Na ação, Aras sustenta que parte do decreto é inconstitucional por beneficiar agentes de segurança pública que estiveram envolvidos no caso do Massacre do Carandiru, em 1992. À época, 111 detentos foram mortos na invasão da Polícia Militar para conter uma rebelião no presídio do Carandiru, em São Paulo. Não houve mortos do lado da polícia.
Devido ao período de recesso na Corte, a ação pode ser analisada pela presidente do STF, ministra Rosa Weber. Não há prazo para decisão.
Segundo Aras, o decreto, especificamente no caso do massacre do Carandiru, "afronta a dignidade humana e princípios basilares e comezinhos do direito internacional público, apresentando-se como afronta às decisões de órgãos de monitoramento e de controle internacionais relativos a direitos humanos, sendo capaz de ocasionar a responsabilização do Brasil por violações a direitos humanos".
Desta forma, Aras argumenta que a Constituição brasileira não permite indultos para crimes hediondos. O governo Bolsonaro, no entanto, vem afirmando que o decreto é legítimo, pois os crimes não eram considerados hediondos em 1992, quando foram cometidos - o que viria a ocorrer apenas dois anos depois, em 1994.
Segundo Aras, porém, a avaliação de o ato ser ou não hediondo deve ser feita na data de assinatura do decreto e não no momento do crime.
O procurador-geral da República argumenta ainda que regras de direito internacional proíbem a aplicação de indulto a pessoas envolvidas na prática de crimes de lesa-humanidade.
"Indultar graves violações de direitos humanos consubstanciadas em crimes de lesa-humanidade significa ignorar direitos inerentes ao ser humano, como os direitos à vida e à integridade física, indo na contramão do processo evolutivo dos direitos fundamentais plasmados na ordem jurídica interna e internacional", concluiu.
O último indulto de Bolsonaro
Na sexta-feira, Bolsonaro assinou seu último indulto de Natal, beneficiando diretamente dezenas de policiais condenados pelo Massacre do Carandiru.
O texto beneficia 69 PMs condenados pelo massacre em uma série de julgamentos entre 2013 e 2014 que ainda estão vivos. Nenhum deles chegou a cumprir pena pelos homicídios do Carandiru até hoje, graças a uma série de manobras jurídicas. No entanto, a possibilidade de recursos foi esgotada em 2022, quando o Superior Tribunal de Justiça e o Superior Tribunal Federal decidiram pelo trânsito em julgado.

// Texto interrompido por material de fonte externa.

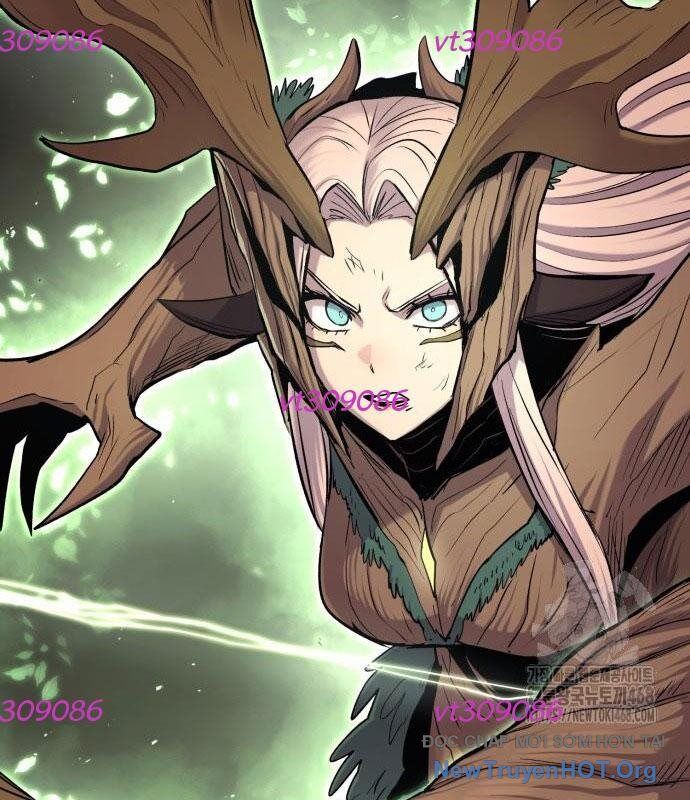 Tiếng Thét Cuồng Bạo Chapter 73 - 88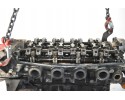 Motor Diesel 2.2 DCI 90HP G9TF722 G9T722 para Master II, Movano A, Int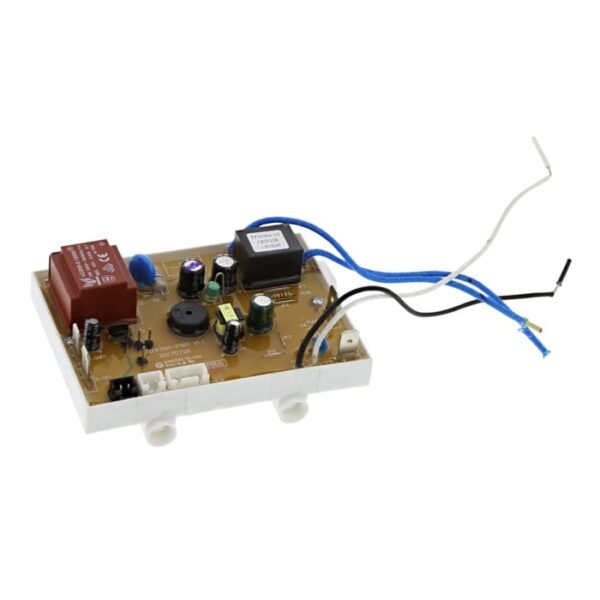 AEG Elektronik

Antes do indulto concedido pelo presidente, só restava uma etapa para que os PMs passassem a cumprir pena: uma análise do Tribunal de Justiça de São Paulo (TJ-SP) para verificar se as penas estão adequadas. A previsão original é que isso fosse feito em janeiro de 2023, abrindo finalmente caminho para que os PMs cumprissem pena.
Ao todo, 74 PMs foram condenados a penas que variam de 48 a 624 anos. Cinco deles morreram antes que as penas começassem a ser cumpridas.
O deputado federal de extrema direita Eduardo Bolsonaro, filho do presidente, não fez questão de disfarçar que o indulto foi feito sob medida para os PMs do Carandiru. Em mensagens no Twitter ilustradas com fotos do antigo presídio, ele celebrou o perdão.
"Hoje foi feito Justiça (sic). Policiais militares que entraram onde nenhuma mãe sequer permitiria que seus filhos entrassem e cumpriram sua missão. (...) Que tenham hoje, estes já senhores, finalmente o sono dos justos e um Feliz Natal tranquilo em família", escreveu Eduardo Bolsonaro.
O massacre
Em 2 de outubro de 1992, um sábado, véspera de eleições municipais, uma rebelião explodiu após uma briga entre presos no pavilhão nove da Casa de Detenção de São Paulo, conhecida como Carandiru. O complexo abrigava 7.500 presos, mais que o dobro da capacidade.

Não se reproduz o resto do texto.